I have not tested on platforms other than Windows x64. Please let me know if there is other information needed or other testing I can do.

This issue goes away when the number of contexts/Animators is reduced to one. Has something changed with the management of multiple contexts in 2.4.0? Possibly something that is resulting in more calls to makeCurrent(), or more inter-thread blocking while doing so?
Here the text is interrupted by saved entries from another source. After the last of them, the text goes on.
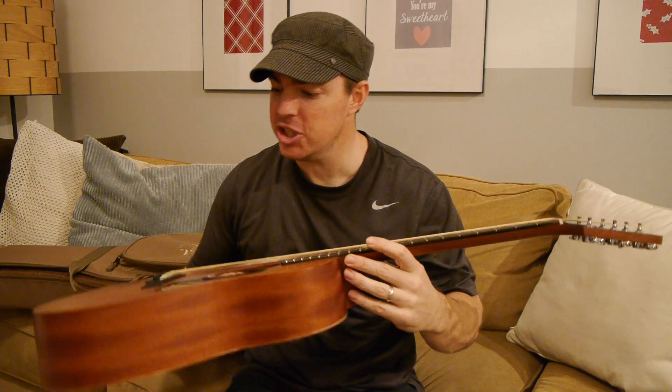Hey, what's up guys? It's Matt here. Hope you're all doing well. With this video I thought I'd do a quick review of the Taylor GS Mini.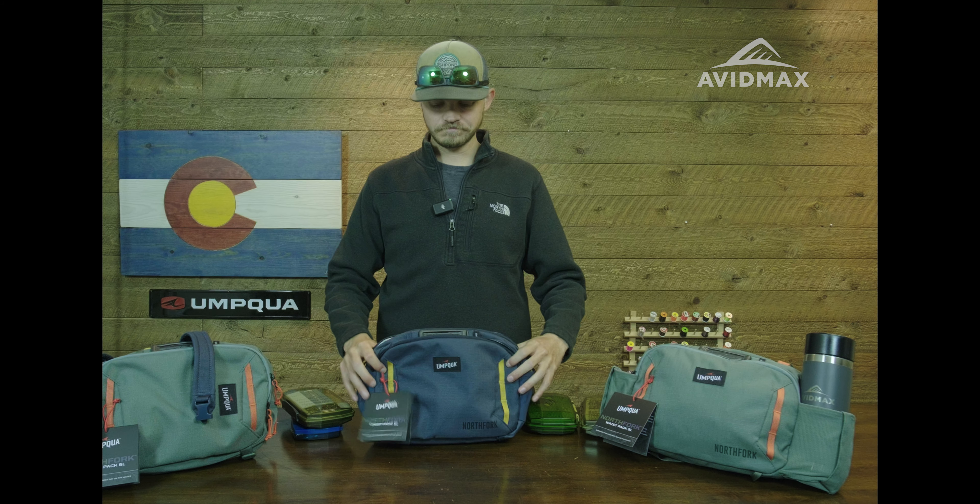Next we'll talk about the sling pack. Starting out, the price point on this one is $89.99, so a little bit less, which is nice. The next big feature I like on this pack is the water bottle holder — it has this nice little bungee secure system so you can cinch it down and whenever you're walking and hiking around, it's not going to come out on you. I thought that was super thoughtful.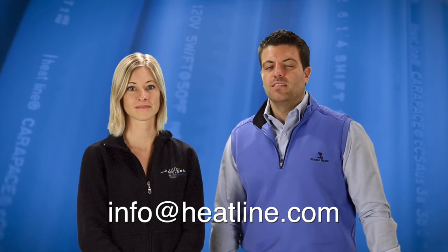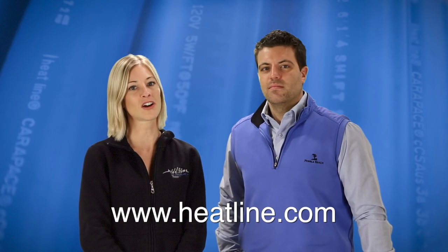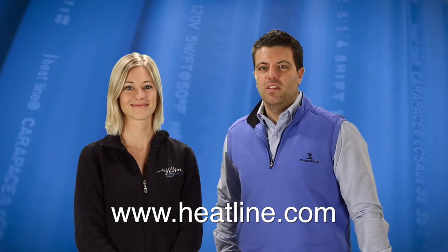Your feedback is always important to us. We will continue to release a new vlog video at least once a month, so please make sure you sign up to our email newsletter, Facebook, YouTube, or other social media pages to stay up to date. Our newsletter and social media links can all be found on our website heatline.com. Thank you for watching this video and we look forward to assisting you in the near future.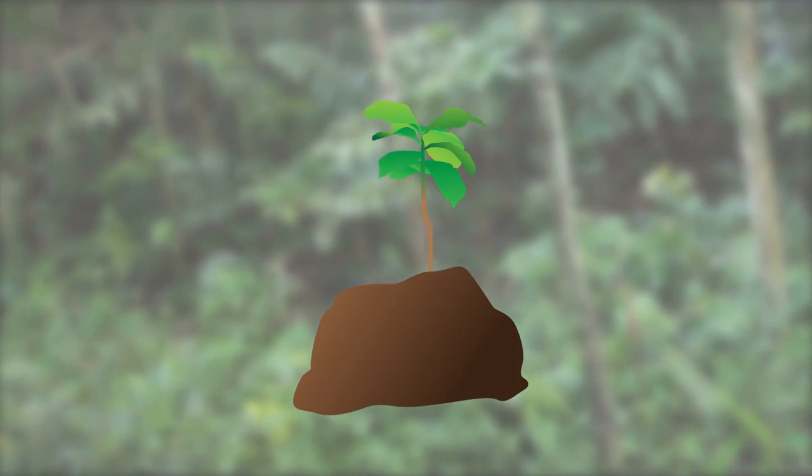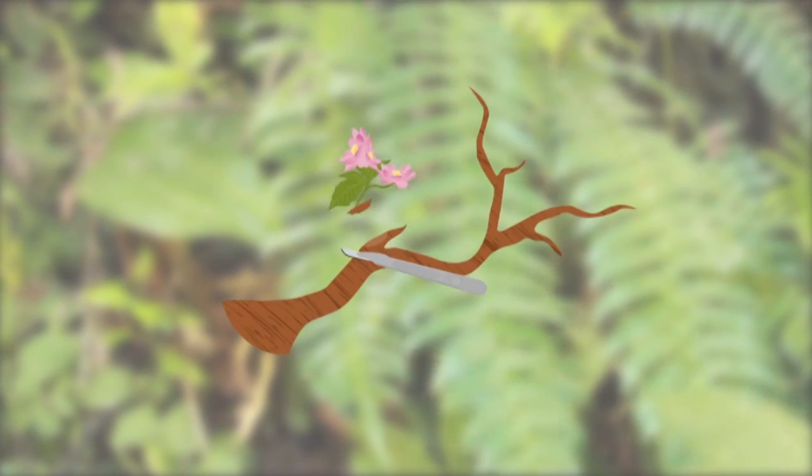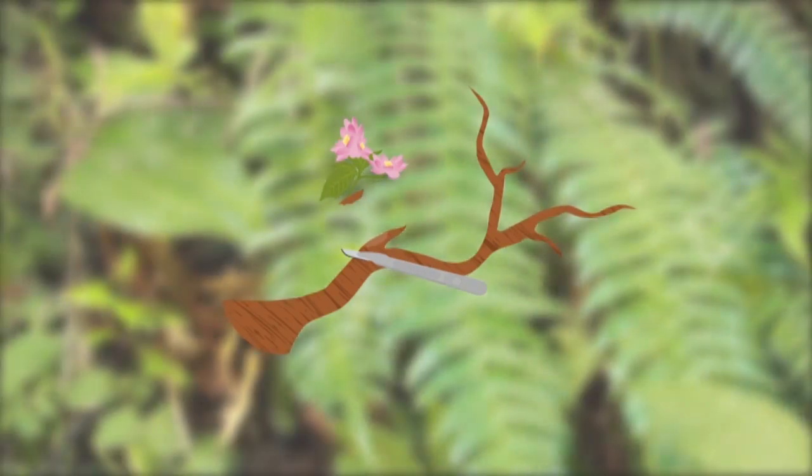For plant samples with roots, clean the soil thoroughly from the roots with clean running water. For fruits and flowers growing on tree trunks, carve them out along with part of the bark.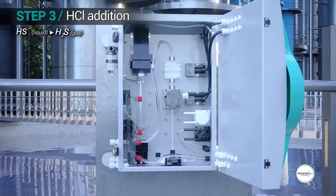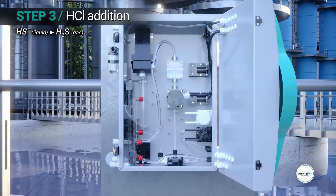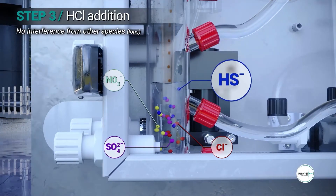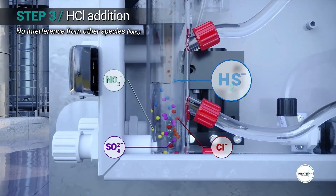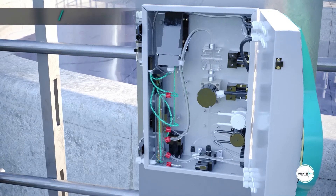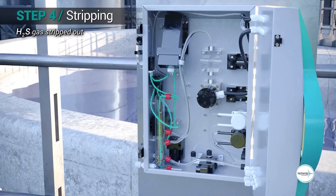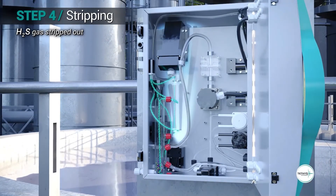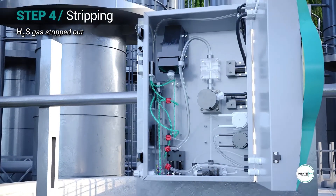Hydrochloric acid is added into the sample to decrease the pH below 5. In this condition, the bisulfide ions in the water sample are converted to hydrogen sulfide gas. The hydrogen sulfide gas is stripped out from the water sample and carried to the gas flow cell to acquire its UV absorbance spectrum.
Comment 1 Kevin Nittler 2021-04-07 20:07:09 CEST

Created attachment 851 [details]
TestSharedContextListNEWT2 - 2.3.2 results.log

Comment 2 Kevin Nittler 2021-04-07 20:07:39 CEST

Created attachment 852 [details]
TestSharedContextListNEWT2 - 2.4.0 results.log

Comment 3 Kevin Nittler 2021-04-07 20:08:05 CEST

Created attachment 853 [details]
TestSharedContextListNEWT2 - 2.3.2 profiling.png

Comment 4 Kevin Nittler 2021-04-07 20:08:29 CEST

Created attachment 854 [details]
TestSharedContextListNEWT2 - 2.4.0 profiling.png

Comment 5 Julien Gouesse 2021-04-07 22:40:25 CEST

It would be fine if you could test several release candidates to help us to find approximately when the regression was introduced.

Comment 6 Kevin Nittler 2021-04-07 22:44:50 CEST

(In reply to Julien Gouesse from comment #5)
Will do.

Comment 7 Kevin Nittler 2021-04-08 20:47:30 CEST

The regression occurs in gluegen commit 330dad069dee5a0cc0480cf5cd9052000004223a.

I have jogl built to commit 52cc68870604e406a7225d23f563ae035299dadc when testing this.

Comment 8 Julien Gouesse 2021-04-09 18:22:16 CEST

Are you really sure this commit causes this bug?
https://jogamp.org/cgit/gluegen.git/commit/?id=330dad069dee5a0cc0480cf5cd9052000004223a

Comment 9 Kevin Nittler 2021-04-09 20:15:25 CEST

(In reply to Julien Gouesse from comment #8)

Yes. I was very surprised to. I have been looking more into it.

I can revert all of the changes to the previous commit except for build.xml and Platform.java and still have the regression. These two files were responsible for the gluegen-rt.dll -> gluegen_rt.dll change. This implies the .dll name change is itself causing the issue. I do not understand why.

To reiterate, it doesn't appear to have anything to do with these aspects of the commit:

- Recognize new Java9+ version string as of JEP 223
- Added 'JNI_OnLoad_gluegen_rt' to recognize statical linked JNI code
- Added JNI_VERSION_1_8 to jni/jni.h

Comment 10 Kevin Nittler 2021-04-09 22:51:33 CEST

I have further confirm that the .dll name is the issue.

I can build the latest version of gluegen and jogl with the single change of 

private static final String libBaseName = "gluegen-rt";

in Platform.java (instead of "gluegen_rt"), and then manually rename the gluegen .dll that is produced by the build script from gluegen_rt.dll to gluegen-rt.dll. This fixes the issue.

I do not have enough experience with Java library loading to understand what is happening here. Maybe there are special considerations that occur when the .jar and .dll names match exactly?

I do not think it is JEP 223 related since I had the problem even when I removed JVM_JNI8.c, which I believe should prevent the static linking.

Comment 11 Julien Gouesse 2023-01-16 12:16:53 CET

Is it still reproducible with Java 17?

Comment 12 Sven Gothel 2023-01-24 08:52:49 CET

Hi Kevin,

I browsed through GLContext* changes, nothing much to see there.
Then you also claim in comment 7 - comment 10 
that it seems to be a 'weird sideeffect' of some sorts?

Glad we have a long test history with our CI, 
I do not see a performance regression here

<https://jogamp.org/chuck/job/jogl/label=windows-x86_64/lastCompletedBuild/testReport/com.jogamp.opengl.test.junit.jogl.acore/TestSharedContextListNEWT2/history/>

Can you reproduce this w/ Java17 and
https://jogamp.org/deployment/archive/master/gluegen_950-joal_668-jogl_1514-jocl_1154/

?

Please reopen for version 2.5.0 if persisting.

Comment 13 Kevin Nittler 2023-11-02 18:18:26 CET

(In reply to Sven Gothel from comment #12)

I upgraded my application to 2.5.0 and Bellsoft JDK/JRE 17.0.9.

The issue is no longer present. I still have no idea what was happening, but it is resolved.

Thank you all for your work on this project.